“凶暴”なラクトバシラス属
出典: フリー百科事典『ウィキペディア(Wikipedia)』 (2022/04/12 14:03 UTC 版)
「マロラクティック発酵」の記事における「“凶暴”なラクトバシラス属」の解説
20世紀後半、アメリカの醸造家は、問題なく発酵が進んでいるように見えるのに、突如として高濃度の酢酸が発生し酵母を打ち負かして発酵が止まってしまう現象に見舞われた。当初は新種のアセトバクタ―や酵母が原因であると疑われたが、最終的にはL. kunkeei、L. nagelii、L. hilgardiiといったラクトバシラス属の菌種が原因であると突き止められた。
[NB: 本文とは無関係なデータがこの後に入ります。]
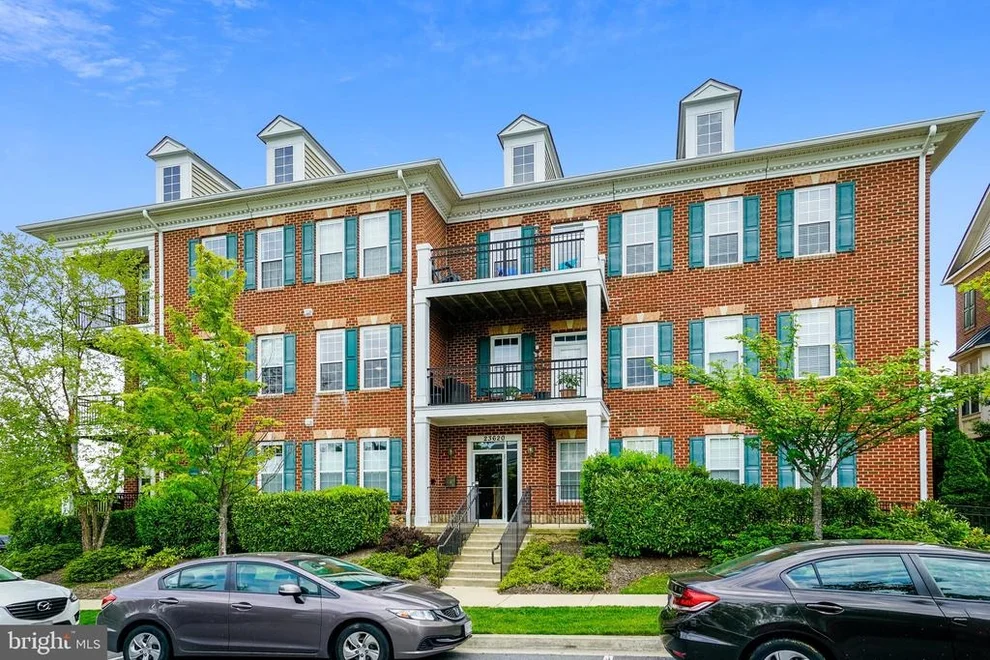 Unit for sale at 23620 OVERLOOK PARK DRIVE, CLARKSBURG, MD 20871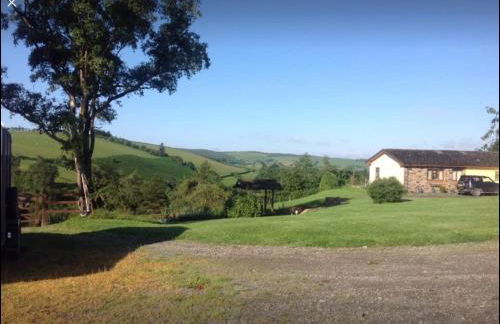 Pant yr onen holidays - Photo 52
これらは旺盛な酢酸生成能と増殖の速さ、そして二酸化硫黄への耐性が高く他の微生物学的なコントロールも難しいことから、まとめて“凶暴(ferocious)”なラクトバシラス属と渾名される。 酵母の植え付けが始まる前の低温での浸漬中や、破砕時に二酸化硫黄をわずかしか、あるいはまったく加えられていないなどにより、pHが3.5を超えた状態で醸造が行われる場合は、この凶暴なラクトバシラスによる汚染のリスクが極めて高い。この汚染は畑ごとに発生していると思われるものの、現在のところでは収穫直後のブドウの果実の表面には原因となるようなラクトバシラス属が検出されてはいない。